Captioned web image data:
* * * * * * *
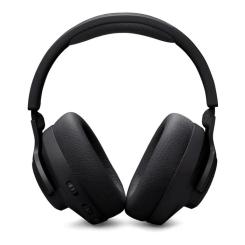 Наушники JBL Quantum 360 Wireless Black Фото 5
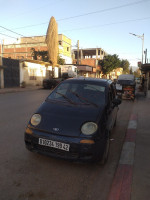 mini-citadine-daewoo-matiz-1999-ahmar-el-ain-tipaza-algerie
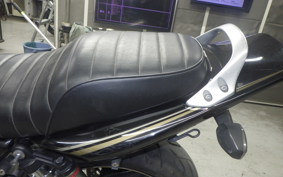HONDA CB400SF VTEC 2009 NC42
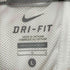 ナイキ NIKE ウィンドブレーカージップアップジャケット レディース JPN:L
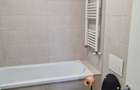 Apartament 2 camere | Gradina proprie 70m2 | Terasa | Priveliste superba catre munti - 1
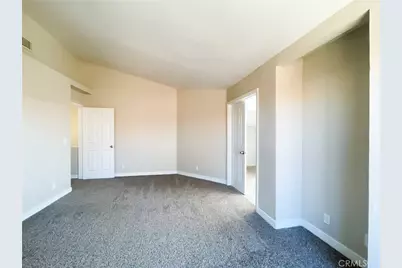 1768 Mesa Drive, Lancaster, CA 93535 - Photo 17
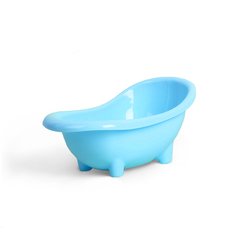 BAÑERA PARA ROEDORES CARNO en internet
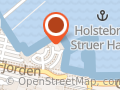 Center for tandregulering Nordvestjylland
* * * * * * *
Assignment — Repeat every entry above word for word, and include no pictures.

Written solution —
 Наушники JBL Quantum 360 Wireless Black Фото 5
 mini-citadine-daewoo-matiz-1999-ahmar-el-ain-tipaza-algerie
HONDA CB400SF VTEC 2009 NC42
 ナイキ NIKE ウィンドブレーカージップアップジャケット レディース JPN:L
 Apartament 2 camere | Gradina proprie 70m2 | Terasa | Priveliste superba catre munti - 1
 1768 Mesa Drive, Lancaster, CA 93535 - Photo 17
 BAÑERA PARA ROEDORES CARNO en internet
 Center for tandregulering Nordvestjylland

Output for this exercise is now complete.